# Abu Garcia Vs. Avet MXLMC



## gigem2636 (Oct 2, 2013)

Looking to possibly upgrade and get either an Abu Garcia CS-7000 pro rocket or an Avet MXLMC. The abu is quite a bit cheaper, but which do y'all suggest as far as castability, drag (probably avet on this one), and value. I would use either from piers and jetties for bull reds and smaller sharks, casting whole 4-6 inch mullet with a 2 or 3 oz surf weight. 

Thanks!


----------



## justletmein (Feb 11, 2006)

Value will be the Abu no question, but if you like nicer things and don't mind paying for them the Avet is the way to go. It just boils down to your preference. Drag is definitely Avet.


----------



## Dovehunter132 (Sep 15, 2014)

As a die hard Abu fan I just recently bought the 7000 needless to say highly unsatisfied. It made it through 1/2 a trip and locked up. I love Avet reels also but Abu let me down for the first time. I love the 6500 I have 4 of them and use them all the time. They will last for ever but the 7000 let me down probably going to end up selling it.

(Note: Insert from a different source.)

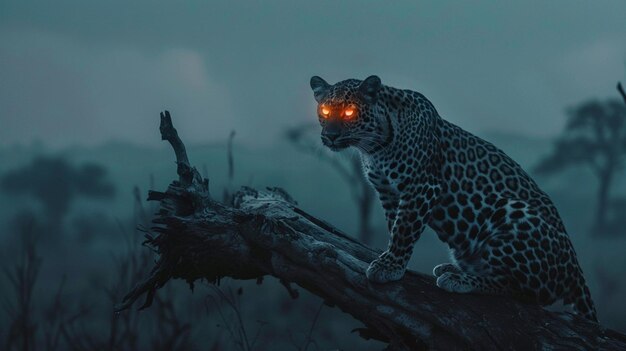 Photo a leopard with glowing eyes looks at the camera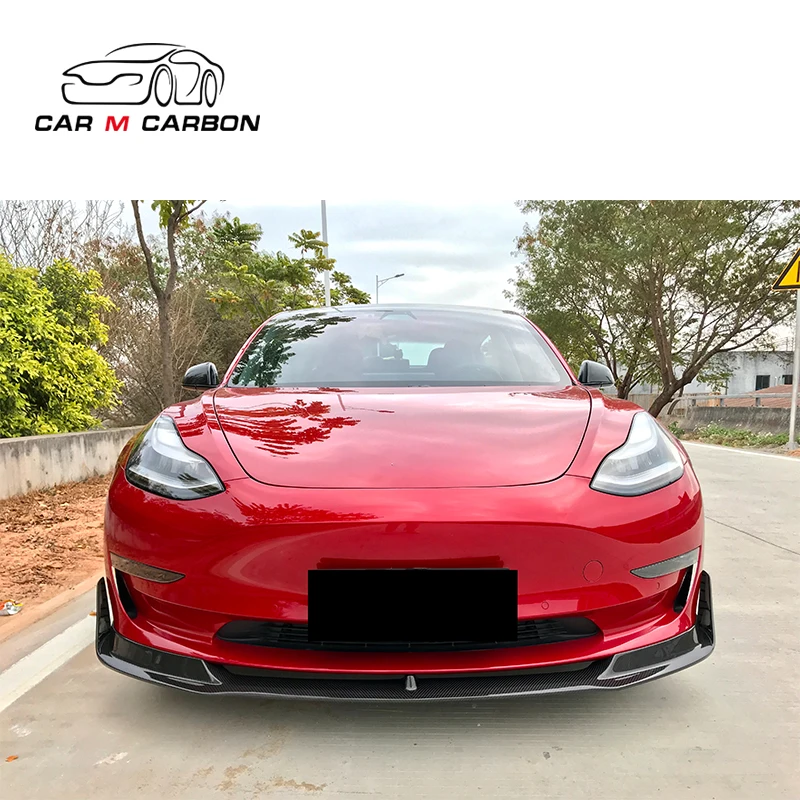 Model 3 car front bumper lip and diffuser carbon fiber material fit for Model 3 car front splitter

Just my .02


----------



## Greatwhite (Mar 28, 2011)

If its an abu, as long as it's the non levelwind versions Id go with that.


----------



## jimj100 (Dec 1, 2012)

I have both, but a 7000 csi, not the rocket. If you are going onto the sand, get the avet. From jetty and pier, the abu will be fine. It has a really smooth drag. The smoothest I have ever felt. It casts great. It's just a little "Swiss watch" for heavy duty beach use.


----------



## dabossgonzo (Mar 5, 2010)

*7000 junk*

I bought 3 or the 7000I just a few months ago and they are junk. Fighting kingfish the reel tweaks and lets the line get between the spool and side plate on the clicker side of the reel (all three do this). 
I own three AVET MXL 5.8 MC and I am about to buy another for my son. They have been fished hard his season and no problems at all other than the clickers seem to wear out pretty fast on them (haven't pulled them apart yet to see exactly what is going on).


----------



## fishhawkxxx (Jul 7, 2012)

I love the older 'bassadeur's 7000's, but they are heavy, I have downsized to the 6000 series 'bassadeurs and have had a blast with red's up to 43"


----------



## gigem2636 (Oct 2, 2013)

all great responses, thanks! Which would y'all say is easier to cast? ie less backlashes. I can somewhat cast a conventional but yeah i'll backlash every now and then and its annoying.


----------



## jimj100 (Dec 1, 2012)

The avet mxlmc will pretty much never backlash with mag set on 3. 2 is a better setting for distance. The 7000csi also has mags, and I have never managed to backlash that one at any setting. Both are very easy to cast.


----------